[Image-text web data]
------------------------
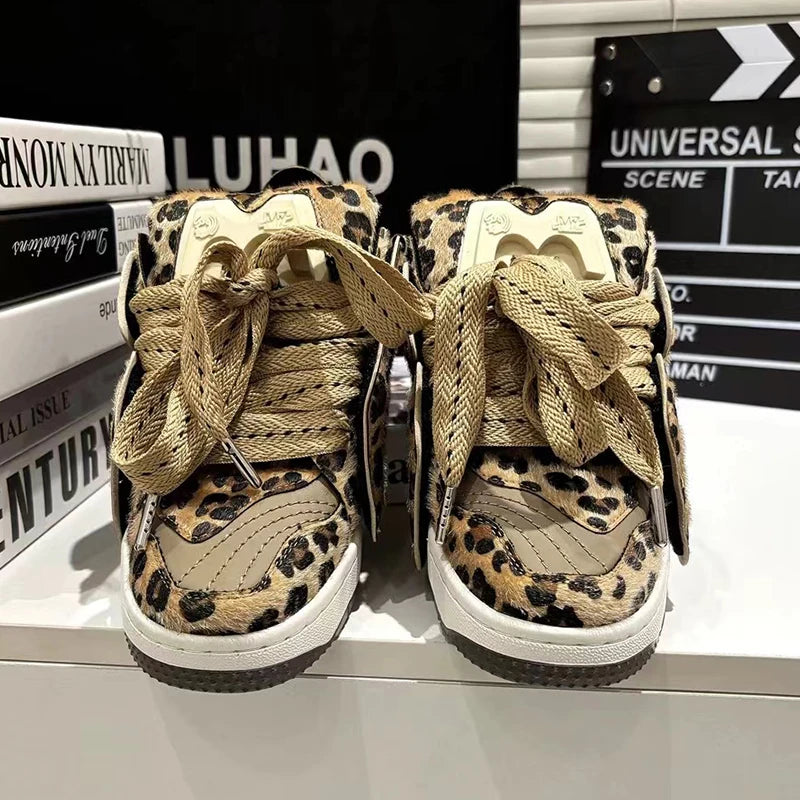 Women Contour Leopard Print Sneakers – Fashion Casual Shoes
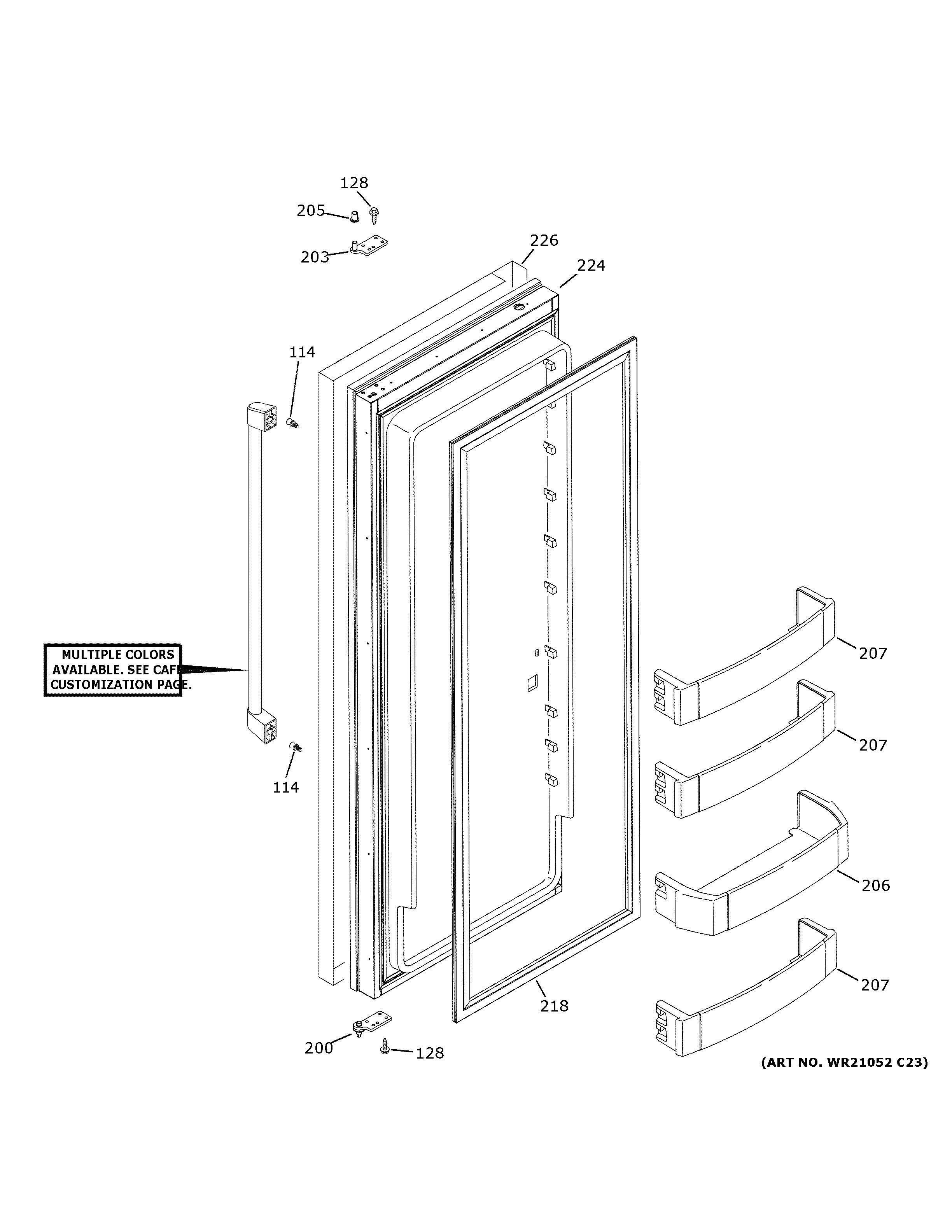 GE CSB42YP2RES1 fresh food door diagram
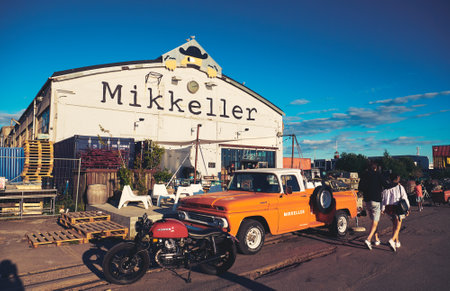 Denmark, Copenhagen - July 1, 2018: Mikkeller Baghaven is breweryのeditorial素材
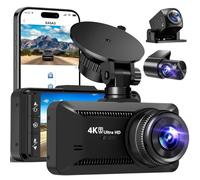 Dashcam 4k Pro, 2026 Nouveau Dashcam 4k Pro, Enregistrement Ultra HD avec caméras Avant/arrière, Vision Nocturne et Surveillance 24h/24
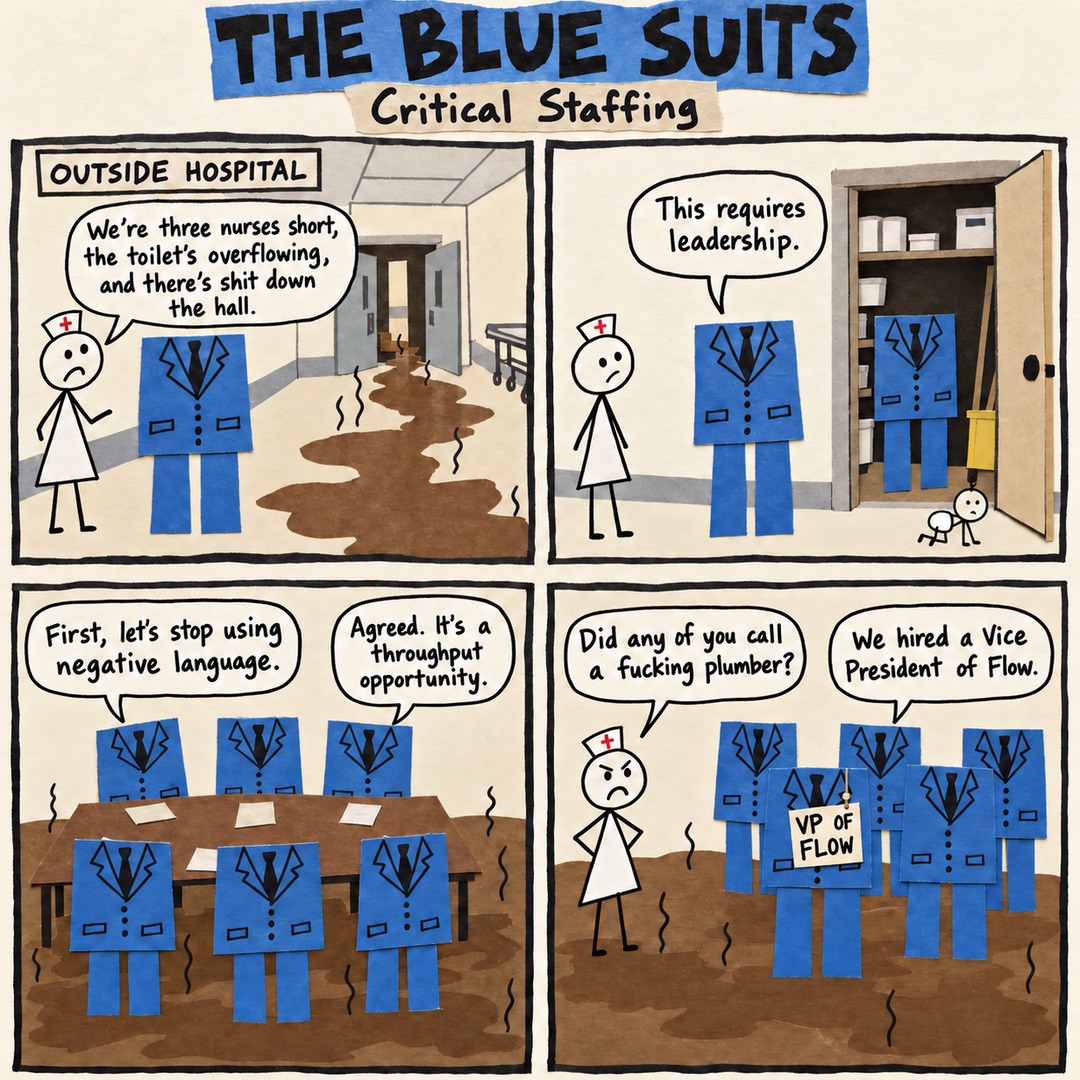 The Blue Suits comic strip, "Critical Staffing": We're three nurses short, the toilet's overflowing, and there's shit down the hall. This requires leadership. First, let's stop using negative language. Agreed. It's a throughput opportunity. VP OF FLOW Did any of you call a fucking plumber? We hired a Vice President of Flow.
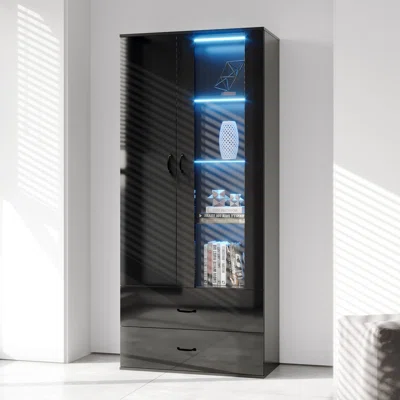 Storage Cabinet With Drawers, Side Cabinet With With LED Lights, White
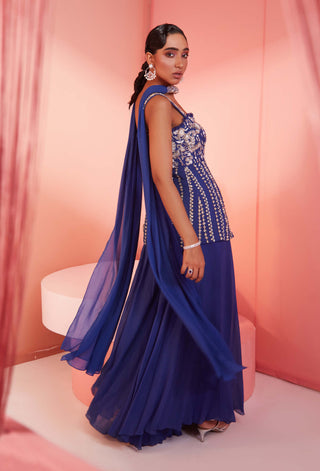 Sanya Gulati-Electric Blue Embroidered Kurta Set-INDIASPOPUP.COM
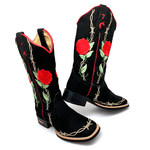 BOTA TEXANA EM COURO PRETO BORDADOS ARAMES + ROSAS VERMELHAS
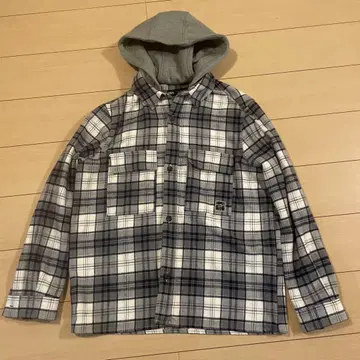 새상품 자라 ZARA 후드 도킹  체크 셔츠 자켓 오버 셔츠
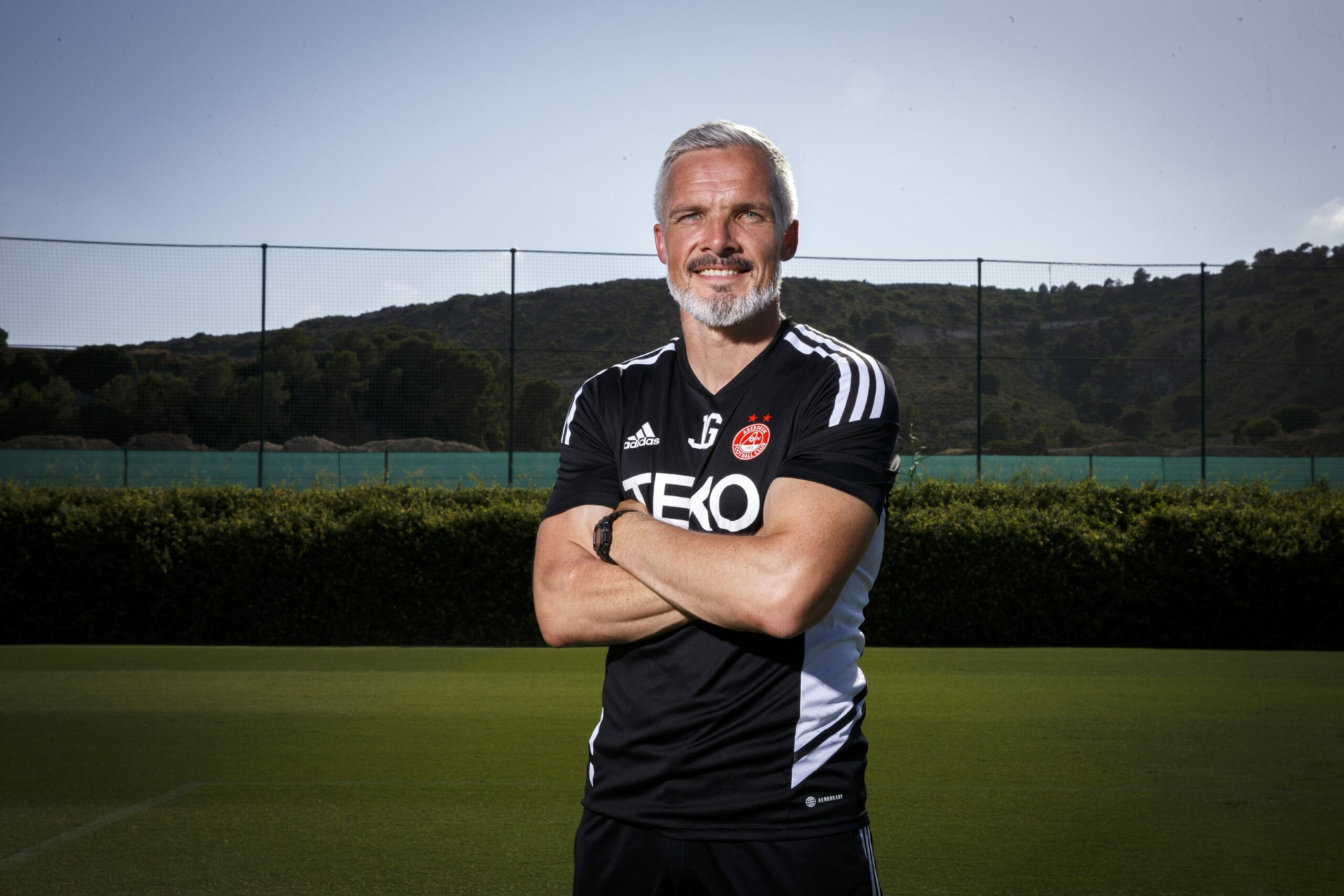 Aberdeen manager Jim Goodwin at the squad's Spanish training camp.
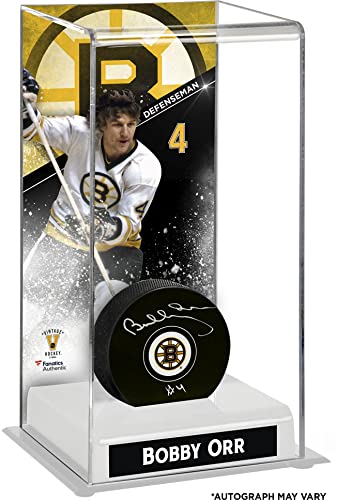 Bobby Orr Boston Bruins Autographed Puck with Deluxe Tall Hockey Puck Case – Autographed NHL Pucks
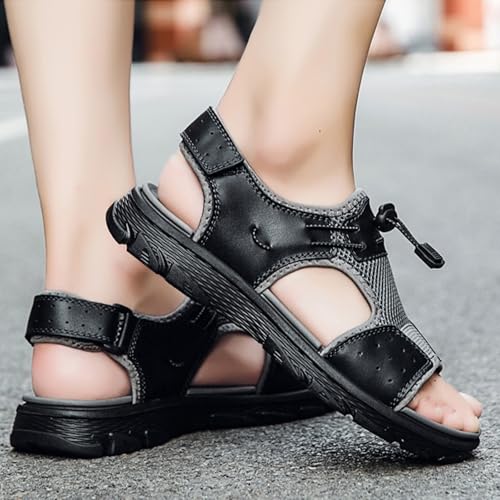 Fashion Men's Open-Toe Sandals, Classics Real Leather Hiking Sandals, Hollow Out Backpacking Beach Shoes4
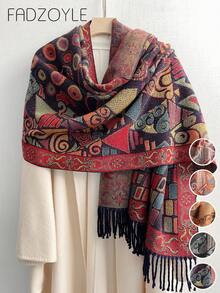 FADZOYLE 1 Stück Damen Retro Stil Vintage Geometrie Muster Schal mit Quasten Pashmina Umhang Haarwickel, weich wie Kaschmir, für Winter Herbst warm und windundurchlässig, für den täglichen Gebrauch, Reisen, Büro und als Geschenkzubehör - Verschiedenfarbig - Übersicht 12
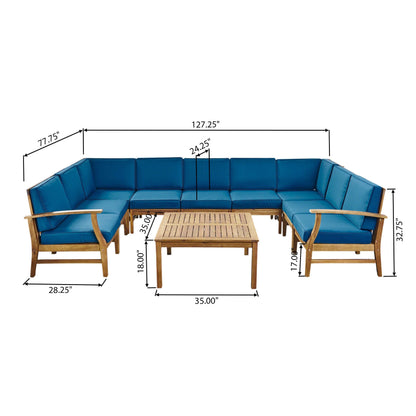 Ensemble de canapés sectionnels Perla 9 places en bois d'acacia par Christopher Knight Home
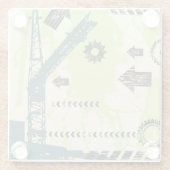 抽象的でハイテクな背景 ガラスコースター (裏面)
------------------------
Your task is to print exactly the lines from the one containing "Bobby Orr Boston" through the final line of the records above, with no pictures and nothing more.

 Bobby Orr Boston Bruins Autographed Puck with Deluxe Tall Hockey Puck Case – Autographed NHL Pucks
 Fashion Men's Open-Toe Sandals, Classics Real Leather Hiking Sandals, Hollow Out Backpacking Beach Shoes4
 FADZOYLE 1 Stück Damen Retro Stil Vintage Geometrie Muster Schal mit Quasten Pashmina Umhang Haarwickel, weich wie Kaschmir, für Winter Herbst warm und windundurchlässig, für den täglichen Gebrauch, Reisen, Büro und als Geschenkzubehör - Verschiedenfarbig - Übersicht 12
 Ensemble de canapés sectionnels Perla 9 places en bois d'acacia par Christopher Knight Home
 抽象的でハイテクな背景 ガラスコースター (裏面)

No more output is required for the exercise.